6th August 2015
Annual house price growth slowed during July following a spike in June although Halifax claims the underlying pace remains strong.
According to the lender prices firmed by 7.9% in July down from 9.6% in the previous month, while house prices fell by 0.6% month-on-month, taking the average UK property value back to £198,883.
Stephen Noakes, managing director, retail customer products said: “The underlying pace of house price growth remains robust notwithstanding the easing in July. Continuing economic recovery, earnings growth in excess of consumer price inflation and very low mortgage rates all underpin housing demand.
“Supply is highly restricted with the stock of homes available for sale falling further to new record lows. This combination of well-supported demand and tight supply is likely to ensure that house price growth remains relatively strong in the near-term.”
Howard Archer, chief UK and European economist at IHS Global Insight highlighted that the Halifax data has been notably more volatile than other house price measures in recent months and stronger overall than most.
“Indeed, despite July’s retreat, annual house price inflation on the Halifax’s measure at 7.9% in the three months to July is still more than double the Nationwide’s rate of 3.5% in July.
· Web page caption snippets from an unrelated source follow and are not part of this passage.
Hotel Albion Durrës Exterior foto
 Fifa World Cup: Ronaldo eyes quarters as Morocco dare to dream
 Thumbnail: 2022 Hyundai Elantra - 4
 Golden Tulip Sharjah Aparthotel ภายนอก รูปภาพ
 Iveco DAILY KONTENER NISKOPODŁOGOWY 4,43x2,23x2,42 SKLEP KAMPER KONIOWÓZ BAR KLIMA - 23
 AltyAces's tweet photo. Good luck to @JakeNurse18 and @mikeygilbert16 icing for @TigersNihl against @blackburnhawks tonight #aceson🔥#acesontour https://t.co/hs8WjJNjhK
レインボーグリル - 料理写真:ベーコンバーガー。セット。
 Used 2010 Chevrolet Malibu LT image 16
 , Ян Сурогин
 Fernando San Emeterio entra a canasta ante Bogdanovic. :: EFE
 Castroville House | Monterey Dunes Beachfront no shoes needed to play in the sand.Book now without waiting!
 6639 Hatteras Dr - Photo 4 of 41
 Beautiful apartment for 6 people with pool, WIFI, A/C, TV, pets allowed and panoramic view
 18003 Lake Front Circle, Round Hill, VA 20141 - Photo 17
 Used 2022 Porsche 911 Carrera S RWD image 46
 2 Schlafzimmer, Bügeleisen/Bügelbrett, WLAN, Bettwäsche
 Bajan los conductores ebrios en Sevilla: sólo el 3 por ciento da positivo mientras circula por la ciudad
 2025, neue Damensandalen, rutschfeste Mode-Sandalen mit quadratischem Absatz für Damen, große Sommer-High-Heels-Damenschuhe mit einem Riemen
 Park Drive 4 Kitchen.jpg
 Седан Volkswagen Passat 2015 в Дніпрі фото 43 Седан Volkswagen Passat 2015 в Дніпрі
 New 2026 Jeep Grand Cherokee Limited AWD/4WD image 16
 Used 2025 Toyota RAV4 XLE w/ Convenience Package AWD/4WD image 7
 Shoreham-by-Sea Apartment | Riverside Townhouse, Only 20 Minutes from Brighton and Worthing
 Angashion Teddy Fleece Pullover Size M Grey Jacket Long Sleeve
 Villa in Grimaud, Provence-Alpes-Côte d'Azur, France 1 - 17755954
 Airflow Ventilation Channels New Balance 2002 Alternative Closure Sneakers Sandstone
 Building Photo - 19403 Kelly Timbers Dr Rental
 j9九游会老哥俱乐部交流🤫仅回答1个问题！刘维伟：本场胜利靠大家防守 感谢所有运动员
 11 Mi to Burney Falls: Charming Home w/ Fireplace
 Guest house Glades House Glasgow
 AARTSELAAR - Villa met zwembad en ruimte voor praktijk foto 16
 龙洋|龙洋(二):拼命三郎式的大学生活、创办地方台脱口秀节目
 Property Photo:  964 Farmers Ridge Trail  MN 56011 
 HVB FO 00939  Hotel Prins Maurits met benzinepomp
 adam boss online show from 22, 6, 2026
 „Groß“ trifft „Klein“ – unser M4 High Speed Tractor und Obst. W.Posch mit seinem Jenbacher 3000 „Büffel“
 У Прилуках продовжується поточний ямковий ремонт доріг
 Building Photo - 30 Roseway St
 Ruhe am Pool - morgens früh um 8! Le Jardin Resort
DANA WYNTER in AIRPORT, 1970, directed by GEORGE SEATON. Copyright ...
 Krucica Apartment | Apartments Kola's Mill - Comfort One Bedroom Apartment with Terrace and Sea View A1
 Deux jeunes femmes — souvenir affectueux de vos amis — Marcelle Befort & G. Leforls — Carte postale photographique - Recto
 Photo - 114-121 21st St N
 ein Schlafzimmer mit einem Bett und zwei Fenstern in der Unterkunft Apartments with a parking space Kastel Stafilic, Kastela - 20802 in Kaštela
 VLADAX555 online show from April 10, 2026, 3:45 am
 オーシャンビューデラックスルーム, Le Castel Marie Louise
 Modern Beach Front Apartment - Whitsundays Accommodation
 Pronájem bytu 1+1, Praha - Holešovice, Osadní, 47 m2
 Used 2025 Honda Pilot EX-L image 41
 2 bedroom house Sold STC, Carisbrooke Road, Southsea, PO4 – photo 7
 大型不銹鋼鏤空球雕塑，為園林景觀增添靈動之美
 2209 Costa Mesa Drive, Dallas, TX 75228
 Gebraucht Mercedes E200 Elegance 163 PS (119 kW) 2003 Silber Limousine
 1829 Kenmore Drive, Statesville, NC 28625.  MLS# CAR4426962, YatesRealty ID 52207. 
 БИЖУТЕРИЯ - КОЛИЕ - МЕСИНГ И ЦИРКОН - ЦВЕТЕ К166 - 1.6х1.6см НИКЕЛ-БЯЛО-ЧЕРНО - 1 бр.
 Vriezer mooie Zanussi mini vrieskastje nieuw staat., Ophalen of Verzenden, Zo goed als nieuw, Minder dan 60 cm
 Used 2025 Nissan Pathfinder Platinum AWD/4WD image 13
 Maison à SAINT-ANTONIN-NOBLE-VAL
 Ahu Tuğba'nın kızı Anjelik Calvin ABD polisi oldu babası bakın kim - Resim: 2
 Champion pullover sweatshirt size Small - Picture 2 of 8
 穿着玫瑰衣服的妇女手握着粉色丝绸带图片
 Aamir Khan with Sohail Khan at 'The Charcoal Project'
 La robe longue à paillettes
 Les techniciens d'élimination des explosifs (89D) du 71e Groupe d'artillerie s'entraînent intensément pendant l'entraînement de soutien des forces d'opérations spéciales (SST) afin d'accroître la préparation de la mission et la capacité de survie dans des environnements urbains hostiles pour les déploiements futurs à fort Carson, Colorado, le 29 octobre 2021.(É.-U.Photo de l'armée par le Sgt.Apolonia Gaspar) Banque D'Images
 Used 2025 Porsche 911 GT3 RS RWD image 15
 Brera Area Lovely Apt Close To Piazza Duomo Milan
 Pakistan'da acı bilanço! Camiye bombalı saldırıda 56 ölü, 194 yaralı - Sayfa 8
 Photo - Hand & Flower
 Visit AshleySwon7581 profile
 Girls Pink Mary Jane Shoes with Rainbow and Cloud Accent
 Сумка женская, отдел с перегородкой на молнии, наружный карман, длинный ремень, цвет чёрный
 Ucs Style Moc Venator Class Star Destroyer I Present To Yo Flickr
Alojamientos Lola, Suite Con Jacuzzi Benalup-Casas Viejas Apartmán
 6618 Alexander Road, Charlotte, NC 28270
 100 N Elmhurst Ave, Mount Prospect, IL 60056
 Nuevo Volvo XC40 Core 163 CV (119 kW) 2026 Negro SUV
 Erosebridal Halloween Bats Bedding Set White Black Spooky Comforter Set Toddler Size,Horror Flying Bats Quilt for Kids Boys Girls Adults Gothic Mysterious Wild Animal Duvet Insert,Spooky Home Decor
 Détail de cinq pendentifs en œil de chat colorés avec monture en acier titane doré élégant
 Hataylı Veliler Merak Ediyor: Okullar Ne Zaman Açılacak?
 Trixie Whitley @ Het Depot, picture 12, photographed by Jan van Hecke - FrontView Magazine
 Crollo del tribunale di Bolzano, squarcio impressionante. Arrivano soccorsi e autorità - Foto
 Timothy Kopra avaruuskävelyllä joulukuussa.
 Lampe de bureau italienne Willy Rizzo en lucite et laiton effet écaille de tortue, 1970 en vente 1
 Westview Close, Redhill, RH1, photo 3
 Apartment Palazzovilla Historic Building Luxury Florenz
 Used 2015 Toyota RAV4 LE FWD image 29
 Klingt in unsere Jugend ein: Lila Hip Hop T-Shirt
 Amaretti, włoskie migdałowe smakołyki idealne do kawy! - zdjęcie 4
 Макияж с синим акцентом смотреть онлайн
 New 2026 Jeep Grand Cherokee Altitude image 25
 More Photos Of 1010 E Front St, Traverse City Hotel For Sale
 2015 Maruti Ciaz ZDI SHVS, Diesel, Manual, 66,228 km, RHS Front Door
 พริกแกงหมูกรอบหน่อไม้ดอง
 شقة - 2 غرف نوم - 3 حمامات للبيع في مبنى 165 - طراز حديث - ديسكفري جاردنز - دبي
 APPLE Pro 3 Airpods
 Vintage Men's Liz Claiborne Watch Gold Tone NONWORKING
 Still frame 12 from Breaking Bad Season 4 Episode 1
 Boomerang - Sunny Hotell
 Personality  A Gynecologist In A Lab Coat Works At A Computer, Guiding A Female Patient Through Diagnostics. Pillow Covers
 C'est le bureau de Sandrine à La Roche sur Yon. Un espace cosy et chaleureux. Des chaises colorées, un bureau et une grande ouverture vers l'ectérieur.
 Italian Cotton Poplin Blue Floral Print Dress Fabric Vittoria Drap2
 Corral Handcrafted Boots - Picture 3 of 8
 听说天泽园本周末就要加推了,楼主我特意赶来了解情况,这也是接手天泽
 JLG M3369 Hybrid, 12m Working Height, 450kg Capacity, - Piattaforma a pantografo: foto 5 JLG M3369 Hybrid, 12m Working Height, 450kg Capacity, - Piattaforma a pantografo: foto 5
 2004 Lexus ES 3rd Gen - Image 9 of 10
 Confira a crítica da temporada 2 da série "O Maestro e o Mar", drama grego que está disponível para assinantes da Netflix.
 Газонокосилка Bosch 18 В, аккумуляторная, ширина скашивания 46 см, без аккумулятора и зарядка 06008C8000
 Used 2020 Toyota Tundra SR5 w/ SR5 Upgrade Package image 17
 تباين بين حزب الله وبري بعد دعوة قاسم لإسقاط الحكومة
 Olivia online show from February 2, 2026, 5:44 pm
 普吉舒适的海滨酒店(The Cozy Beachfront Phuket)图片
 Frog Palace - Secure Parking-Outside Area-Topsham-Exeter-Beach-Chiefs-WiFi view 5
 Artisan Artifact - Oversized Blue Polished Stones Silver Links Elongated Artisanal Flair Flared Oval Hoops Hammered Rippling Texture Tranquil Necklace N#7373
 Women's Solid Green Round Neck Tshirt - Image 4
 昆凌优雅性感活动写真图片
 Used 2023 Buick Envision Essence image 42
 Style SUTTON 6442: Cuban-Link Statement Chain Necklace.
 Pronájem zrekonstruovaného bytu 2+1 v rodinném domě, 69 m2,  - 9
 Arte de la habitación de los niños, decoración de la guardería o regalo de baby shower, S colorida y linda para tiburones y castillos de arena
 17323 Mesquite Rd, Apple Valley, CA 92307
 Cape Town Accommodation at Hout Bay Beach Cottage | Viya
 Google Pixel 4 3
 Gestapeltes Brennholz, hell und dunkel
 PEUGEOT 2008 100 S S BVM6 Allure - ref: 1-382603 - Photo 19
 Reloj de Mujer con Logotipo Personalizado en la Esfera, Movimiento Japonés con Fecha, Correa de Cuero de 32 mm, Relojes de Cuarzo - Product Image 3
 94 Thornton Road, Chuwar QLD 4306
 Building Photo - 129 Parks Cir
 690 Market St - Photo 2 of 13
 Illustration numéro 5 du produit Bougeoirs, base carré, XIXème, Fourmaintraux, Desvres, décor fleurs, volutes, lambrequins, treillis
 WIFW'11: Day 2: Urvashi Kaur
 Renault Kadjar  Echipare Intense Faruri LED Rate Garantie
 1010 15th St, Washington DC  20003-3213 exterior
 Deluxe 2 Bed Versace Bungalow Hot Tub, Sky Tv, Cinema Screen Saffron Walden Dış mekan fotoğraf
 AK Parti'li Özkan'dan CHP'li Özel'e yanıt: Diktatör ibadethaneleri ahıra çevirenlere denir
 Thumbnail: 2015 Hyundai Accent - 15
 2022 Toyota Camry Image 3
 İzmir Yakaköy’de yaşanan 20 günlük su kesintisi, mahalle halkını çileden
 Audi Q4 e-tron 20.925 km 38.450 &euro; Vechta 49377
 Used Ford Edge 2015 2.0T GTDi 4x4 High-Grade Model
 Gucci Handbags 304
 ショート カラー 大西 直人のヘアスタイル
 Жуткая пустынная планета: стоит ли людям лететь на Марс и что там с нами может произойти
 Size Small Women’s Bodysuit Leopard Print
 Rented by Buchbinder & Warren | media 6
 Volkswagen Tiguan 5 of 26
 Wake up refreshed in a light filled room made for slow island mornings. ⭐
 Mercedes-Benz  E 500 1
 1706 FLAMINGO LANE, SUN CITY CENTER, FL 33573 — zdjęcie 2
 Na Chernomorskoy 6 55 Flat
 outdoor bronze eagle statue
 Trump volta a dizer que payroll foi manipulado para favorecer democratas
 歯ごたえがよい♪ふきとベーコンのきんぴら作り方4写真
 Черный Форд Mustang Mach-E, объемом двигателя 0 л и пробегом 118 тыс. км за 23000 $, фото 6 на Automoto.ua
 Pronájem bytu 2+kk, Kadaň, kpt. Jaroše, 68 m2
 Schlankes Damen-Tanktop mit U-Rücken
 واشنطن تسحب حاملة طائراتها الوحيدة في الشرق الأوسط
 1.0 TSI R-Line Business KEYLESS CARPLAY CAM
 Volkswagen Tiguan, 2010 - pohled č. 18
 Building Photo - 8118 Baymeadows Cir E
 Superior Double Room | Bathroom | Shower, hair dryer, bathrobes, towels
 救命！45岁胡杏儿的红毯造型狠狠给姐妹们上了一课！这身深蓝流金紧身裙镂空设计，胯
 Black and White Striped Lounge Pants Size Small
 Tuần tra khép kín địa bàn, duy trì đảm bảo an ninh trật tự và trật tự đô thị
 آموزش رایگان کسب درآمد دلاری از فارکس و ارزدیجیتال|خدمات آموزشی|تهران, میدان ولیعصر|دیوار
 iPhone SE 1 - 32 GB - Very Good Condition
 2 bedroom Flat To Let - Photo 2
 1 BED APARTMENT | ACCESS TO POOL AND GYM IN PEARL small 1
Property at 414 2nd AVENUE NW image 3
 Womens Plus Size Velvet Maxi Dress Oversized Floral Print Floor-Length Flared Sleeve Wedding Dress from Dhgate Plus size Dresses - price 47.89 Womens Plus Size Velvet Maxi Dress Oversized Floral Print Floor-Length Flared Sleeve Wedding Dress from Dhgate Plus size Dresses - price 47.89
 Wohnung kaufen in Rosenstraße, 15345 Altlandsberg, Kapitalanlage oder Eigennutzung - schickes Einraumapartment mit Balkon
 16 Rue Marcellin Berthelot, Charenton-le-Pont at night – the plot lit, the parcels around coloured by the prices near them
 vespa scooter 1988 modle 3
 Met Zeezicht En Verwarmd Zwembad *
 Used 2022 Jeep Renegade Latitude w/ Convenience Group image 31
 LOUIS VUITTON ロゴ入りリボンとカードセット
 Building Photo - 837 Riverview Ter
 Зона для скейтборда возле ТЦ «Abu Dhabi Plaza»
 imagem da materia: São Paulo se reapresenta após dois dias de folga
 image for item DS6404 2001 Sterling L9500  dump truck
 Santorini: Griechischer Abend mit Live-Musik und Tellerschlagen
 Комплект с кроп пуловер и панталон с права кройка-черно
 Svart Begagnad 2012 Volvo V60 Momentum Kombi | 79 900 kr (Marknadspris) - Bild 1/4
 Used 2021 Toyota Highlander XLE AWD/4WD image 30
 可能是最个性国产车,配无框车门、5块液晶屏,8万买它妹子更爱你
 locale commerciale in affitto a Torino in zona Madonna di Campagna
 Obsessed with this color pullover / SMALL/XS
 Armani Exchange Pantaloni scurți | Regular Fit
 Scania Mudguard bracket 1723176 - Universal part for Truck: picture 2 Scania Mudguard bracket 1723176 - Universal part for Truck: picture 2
This highlights the need to not pin too much weight on one particular house price survey or measure but to try and take an overall view from the data,” he added.
Taking an overall view of house prices based on the various surveys, Archer’s current forecast is for house prices to rise by 6% over 2015, falling to around 5% in 2016.
Archer said: “Latest data and survey evidence largely indicate that housing market activity is on the up, and we suspect it will continue to improve amid generally supportive fundamentals, notably including strengthening earnings growth, higher employment, elevated consumer confidence and very low mortgage interest rates. Meanwhile, a shortage of properties coming on to the market is currently exerting increasing upward pressure on house prices.”